WHY SHOPPING SECOND HAND MATTERS.
I am becoming more and more aware of the overwhelming global energy crisis, and happy that Americans are looking for ways to make small changes that add up. We install solar panels, buy hybrid cars, and turn down the thermostat. Yet when it comes to everyday shopping, we are contentedly conditioned to buy more than we need: new things (cheaply) made halfway around the world.
Sometime within the last 100 years, we’ve lost the power to dialogue with shopkeepers to define our own needs, and buy the things that are actually relevant to our lives as we define them. Instead, retailers helpfully inform us of what we need, what makes us cool. This exact scenario was foretold by the great and wise Dr. Seuss in his book The Lorax. He said, “A Thneed’s a Fine-Something-That-All-People -Need! … I’m figgering on biggering and biggering, turning MORE Truffula Trees into Thneeds which everyone … needs!”
Everyone loves the Lorax, but as we read it to our kids, we sometimes fail to realize that we’ve been buying those Thneeds – completely programmed by retailers to replace a need with a Thneed. Our passive attitude toward overpackaged, well-traveled consumer goods is becoming a major obstacle in conserving energy ( and those precious Truffula trees).
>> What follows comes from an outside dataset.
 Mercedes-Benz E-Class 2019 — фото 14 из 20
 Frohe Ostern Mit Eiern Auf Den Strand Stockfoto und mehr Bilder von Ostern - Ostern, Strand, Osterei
It’s not doing much for our flailing economy either. But what are we to do when we’re told that shopping is a patriotic activity? Women going on a spending spree at the mall are simply doing their part to “stimulate the economy”, and lets not even begin on the societal embarrassment that is Black Friday. Safe to say, we’re a culture well-steeped in our obsession with consumption.
There is an alternative to this wasteful paradigm,
and its infrastructure is already in place: thrift shopping.
It’s already making a difference, but it has the potential for a much bigger impact. The new product retail market has conditioned us for years to believe “if it’s not new, it’s eww!” Unfortunately, this concept was often accurately perpetuated by thrift stores that were unkept, dingy and took no pride in the presentation of their storefront. One look into most thrift stores 10 – 15 years ago, and “eew!” would have been an understandable knee-jerk response. The average American new-product consumer is largely unaware that thrift stores are coming of age, becoming specialized, cleaner, more efficient and have a higher quality of products.
For today’s earth-conscious consumer, the weighing question now is: how does thrift shopping lower our carbon footprint? No additional energy is required to fill the consumer’s need for a gently used product. The fuel of long-haul transport, often from the other side of the earth, has already been burned. The only fuel attached to the item is the car ride over to the donation site. Reused products do not have the weight and waste of excessive packaging and security devices that new products do. Finally, thrift-store shopping diverts reusable items from landfills. That is respectable energy savings.
Thrift shopping connects us to each other: The profits from the sale of repurposed products in charity-run thrift stores directly promote the repurposing of lives in need. Not only do we avoid product waste, through our contributions we help aid another human’s life. In these rough economic times, charities are hit hard, as Americans lose their jobs and re-prioritize their finances. Make sure to read reviews here or a host of other sites to find out what thrift stores support charities.
In making the choice to shop at thrift stores, consumers are taking power back from retailers and marketing campaigns, no longer having to choose between shopping and being charitible or reducing their carbon footprint.